Good thing the choice to change the mascot had no chance of alienating prospective students and their families.

More broadly speaking, the article gives the lie to the claim that this change was brought about by appropriation of the crusader image by hate groups. The people who were really animated to make this change find the crusader mascot offensive in itself, not because an otherwise okay symbol was appropriated by KKK types. It isn't a matter of honorably retiring a mascot that time has passed by. It is about officially declaring that mascot of symbol of bigotry.   
It sounds to me like it's a campaign driven by market forces as perceived.

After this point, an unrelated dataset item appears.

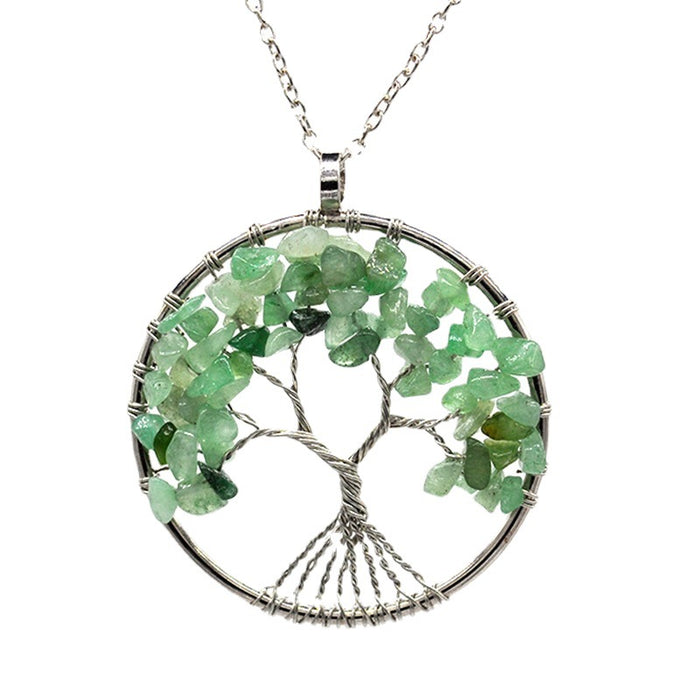 Wholesale 7 Colors Natural Crystal Gravel Tree of Life Necklace MOQ≥2 JDC-NE-Xinyue001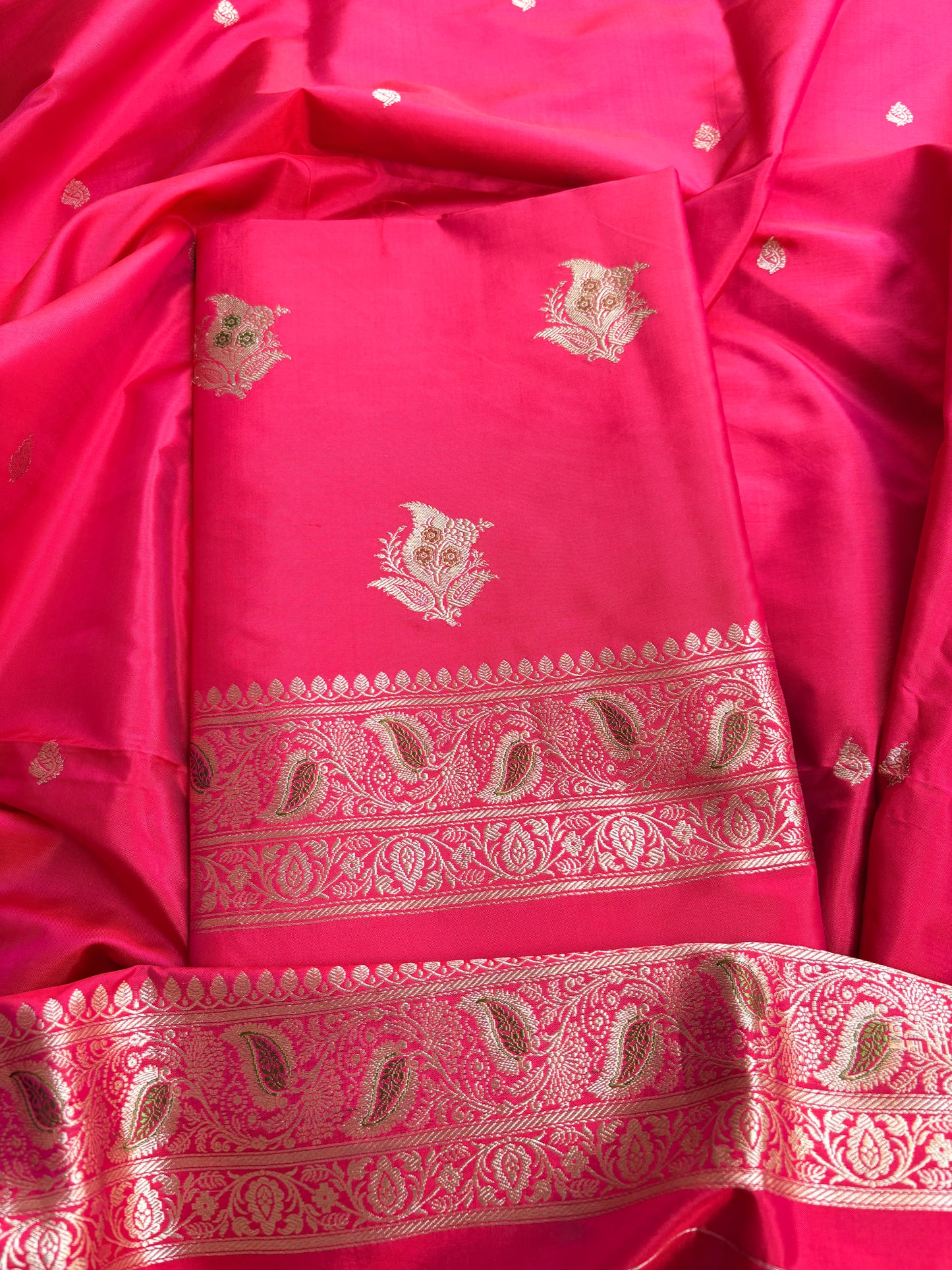 Red pink dhoop chau Meenakari katan silk suit set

It's the way of the secular world. I see RC institutions omitting to say anything too Catholic because they've got it in their heads that it won't sell. This goes back 40 years; it isn't a product of today's political posturing.

Peace,
Michael
Title: Re: Valpo mascot task force
Post by: Dave Likeness on February 23, 2021, 12:12:18 PM
In the 1960's and 1970's Valpo had the reputation that 90% of their graduates
had a job within 6 months after they got their diploma.  Corporate America
liked the education their students received as well as the high moral standards
of the Valpo grads.

I had one cousin who got a job with General Motors as an engineer and another
cousin who was hired by All State Insurance Company.  Both of them liked their
jobs and stayed with the company for their entire careers.
Title: Re: Valpo mascot task force
Post by: JEdwards on February 23, 2021, 01:07:49 PM
It sounds to me like it's a campaign driven by market forces as perceived. It's the way of the secular world. I see RC institutions omitting to say anything too Catholic because they've got it in their heads that it won't sell. This goes back 40 years; it isn't a product of today's political posturing.

Peace,
Michael

A couple years ago, one of my sons looked at Capital University.  On his campus tour, the guide somewhat sheepishly mentioned the Lutheran affiliation, but immediately reassured that group that this wouldn't really affect their college experience.  My son ended up going to Gannon University, an RC school that seemed more willing to embrace its identity as a religious institution.

Peace,
Jon
Title: Re: Valpo mascot task force
Post by: Dave Likeness on February 23, 2021, 01:44:53 PM
 Men's basketball coach Paul Meadows at Valpo came to Davenport, Iowa
to recruit my cousin for the Crusaders team.  My cousin was 6' 4" forward
 in his Senior Year of high school.  Coach Meadows wanted to look at my
cousin's hands and feet because he thought he could tell how much more
my cousin would grow.  My aunt believed this was nonsense.  However,
my cousin did get a basketball scholarship to play at Valpo.
Title: Re: Valpo mascot task force
Post by: Richard Johnson on February 24, 2021, 09:09:45 AM

A couple years ago, one of my sons looked at Capital University.  On his campus tour, the guide somewhat sheepishly mentioned the Lutheran affiliation, but immediately reassured that group that this wouldn't really affect their college experience.  My son ended up going to Gannon University, an RC school that seemed more willing to embrace its identity as a religious institution.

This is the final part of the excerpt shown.